You are viewing a plain text version of this content. The canonical link for it is here.
Posted to users@airflow.apache.org by Daniel Standish <dp...@gmail.com> on 2021/06/10 03:16:35 UTC

dynamic task scenario

*background*

Suppose you have a dag with tasks that run some data science model for
*active* AB tests.

Suppose there are 2-5 tests running at any given time.

And the tests come and go every couple weeks.

Right now what I'm doing is I have a task at start of dag that updates an
airflow variable with the list of active experiments.

Then the dag iterates through this variable and defines the tasks.

This is a little hacky but since the active experiments don't change that
rapidly it works fine.

*question*

How would you handle this scenario?

*thoughts*

We could combine the model runs into a single task.  Then we wouldn't need
the update vars step.  But then you're running in series which is slow, and
you don't have distinct task logs and retry.

*idea*

maybe there wants to be some kind of "subtask" concept.  some way for one
task to spawn any number of tasks based on the circumstances it finds (e.g.
the specific list of active AB tests right now).

thoughts?

Re: dynamic task scenario

Posted by Bruno Gonzalez <br...@homelight.com>.
Hi Daniel. We have a similar scenario and we're using almost the same
approach. The difference is that we use a file that is copied locally to
the workers and is used by the DAG to define the tasks.

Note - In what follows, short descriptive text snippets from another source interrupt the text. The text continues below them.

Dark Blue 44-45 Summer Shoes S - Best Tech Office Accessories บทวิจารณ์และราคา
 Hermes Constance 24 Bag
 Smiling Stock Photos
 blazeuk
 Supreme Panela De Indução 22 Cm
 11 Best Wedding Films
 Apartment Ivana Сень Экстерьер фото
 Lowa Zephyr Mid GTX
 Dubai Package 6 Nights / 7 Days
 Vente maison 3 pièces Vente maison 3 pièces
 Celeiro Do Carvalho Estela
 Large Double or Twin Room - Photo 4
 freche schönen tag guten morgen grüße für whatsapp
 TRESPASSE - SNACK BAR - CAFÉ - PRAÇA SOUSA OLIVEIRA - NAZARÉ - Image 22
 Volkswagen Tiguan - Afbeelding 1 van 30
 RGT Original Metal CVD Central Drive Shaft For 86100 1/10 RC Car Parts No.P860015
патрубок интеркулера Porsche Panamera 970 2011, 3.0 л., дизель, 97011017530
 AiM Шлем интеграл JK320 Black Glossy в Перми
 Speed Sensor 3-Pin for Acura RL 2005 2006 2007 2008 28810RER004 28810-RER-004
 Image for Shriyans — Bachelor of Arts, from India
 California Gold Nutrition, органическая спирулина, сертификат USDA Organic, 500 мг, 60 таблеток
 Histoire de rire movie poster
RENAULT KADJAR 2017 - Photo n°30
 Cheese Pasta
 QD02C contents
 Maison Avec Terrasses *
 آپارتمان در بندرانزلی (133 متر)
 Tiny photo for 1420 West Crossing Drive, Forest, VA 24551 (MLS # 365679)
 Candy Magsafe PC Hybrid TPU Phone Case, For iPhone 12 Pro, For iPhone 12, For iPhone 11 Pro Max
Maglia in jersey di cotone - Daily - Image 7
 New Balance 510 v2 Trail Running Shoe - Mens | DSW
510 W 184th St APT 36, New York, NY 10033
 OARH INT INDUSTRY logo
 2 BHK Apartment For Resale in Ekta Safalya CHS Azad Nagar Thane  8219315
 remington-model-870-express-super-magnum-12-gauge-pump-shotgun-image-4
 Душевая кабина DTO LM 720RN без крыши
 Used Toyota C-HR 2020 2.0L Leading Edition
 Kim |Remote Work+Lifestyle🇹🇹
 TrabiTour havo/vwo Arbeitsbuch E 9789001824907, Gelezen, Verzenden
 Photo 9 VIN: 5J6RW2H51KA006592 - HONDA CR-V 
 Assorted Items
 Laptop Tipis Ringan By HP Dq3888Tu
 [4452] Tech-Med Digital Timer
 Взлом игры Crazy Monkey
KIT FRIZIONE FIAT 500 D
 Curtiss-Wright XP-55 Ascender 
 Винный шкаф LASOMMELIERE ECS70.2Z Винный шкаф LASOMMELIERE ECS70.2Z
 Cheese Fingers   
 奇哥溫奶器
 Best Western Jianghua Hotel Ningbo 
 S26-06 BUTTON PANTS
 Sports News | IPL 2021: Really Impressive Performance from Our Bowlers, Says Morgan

I didn't analyze all the new features in Airflow 2, but tried the subtask
approach with the last versions of 1.10 and didn't work as intended.

Would be great if someone else could drop some thoughts and discuss a
"better" solution.

On Thu, Jun 10, 2021 at 12:17 AM Daniel Standish <dp...@gmail.com>
wrote:

> *background*
>
> Suppose you have a dag with tasks that run some data science model for
> *active* AB tests.
>
> Suppose there are 2-5 tests running at any given time.
>
> And the tests come and go every couple weeks.
>
> Right now what I'm doing is I have a task at start of dag that updates an
> airflow variable with the list of active experiments.
>
> Then the dag iterates through this variable and defines the tasks.
>
> This is a little hacky but since the active experiments don't change that
> rapidly it works fine.
>
> *question*
>
> How would you handle this scenario?
>
> *thoughts*
>
> We could combine the model runs into a single task.  Then we wouldn't need
> the update vars step.  But then you're running in series which is slow, and
> you don't have distinct task logs and retry.
>
> *idea*
>
> maybe there wants to be some kind of "subtask" concept.  some way for one
> task to spawn any number of tasks based on the circumstances it finds (e.g.
> the specific list of active AB tests right now).
>
> thoughts?
>
>